The following is an example of a class implementing Optimizable.ByGradientValue. This class implements a very simple quadratic function in two variables.
public class OptimizerExample implements Optimizable.ByGradientValue {

    // Optimizables encapsulate all state variables, 
    //  so a single Optimizer object can be used to optimize 
    //  several functions.

    double[] parameters;

    public OptimizerExample(double x, double y) {
        parameters = new double[2];
        parameters[0] = x;
        parameters[1] = y;
    }

    public double getValue() {

        double x = parameters[0];
        double y = parameters[1];

        return -3*x*x - 4*y*y + 2*x - 4*y + 18;

    }

    public void getValueGradient(double[] gradient) {

        gradient[0] = -6 * parameters[0] + 2;
        gradient[1] = -8 * parameters[1] - 4;

    }

    // The following get/set methods satisfy the Optimizable interface

    public int getNumParameters() { return 2; }
    public double getParameter(int i) { return parameters[i]; }
    public void getParameters(double[] buffer) {
        buffer[0] = parameters[0];
        buffer[1] = parameters[1];
    }

    public void setParameter(int i, double r) {
        parameters[i] = r;
    }
    public void setParameters(double[] newParameters) {
        parameters[0] = newParameters[0];
        parameters[1] = newParameters[1];
    }
}
Now that we have a class representing an optimizable function, we can pass it to an optimizer that takes this sub-interface.

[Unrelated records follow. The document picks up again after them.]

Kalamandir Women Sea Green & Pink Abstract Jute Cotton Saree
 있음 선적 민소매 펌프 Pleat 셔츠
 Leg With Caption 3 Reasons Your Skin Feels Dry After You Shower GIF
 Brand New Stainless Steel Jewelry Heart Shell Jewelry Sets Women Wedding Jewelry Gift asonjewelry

The ByGradientValue sub-interface is compatible with the Limited Memory BFGS optimizer, a quasi-Newton method that does not require computation of a Hessian matrix.
In this example, we create an optimizable object, pass it to a new optimizer, and optimize the parameters.
        OptimizerExample optimizable = new OptimizerExample(0, 0);
        Optimizer optimizer = new LimitedMemoryBFGS(optimizable);

        boolean converged = false;

        try {
            converged = optimizer.optimize();
        } catch (IllegalArgumentException e) {
            // This exception may be thrown if L-BFGS
            //  cannot step in the current direction.
            // This condition does not necessarily mean that
            //  the optimizer has failed, but it doesn't want
            //  to claim to have succeeded...        
        }

        System.out.println(optimizable.getParameter(0) + ", " +
                           optimizable.getParameter(1));
As expected, the result is close to 0.33 and -0.5.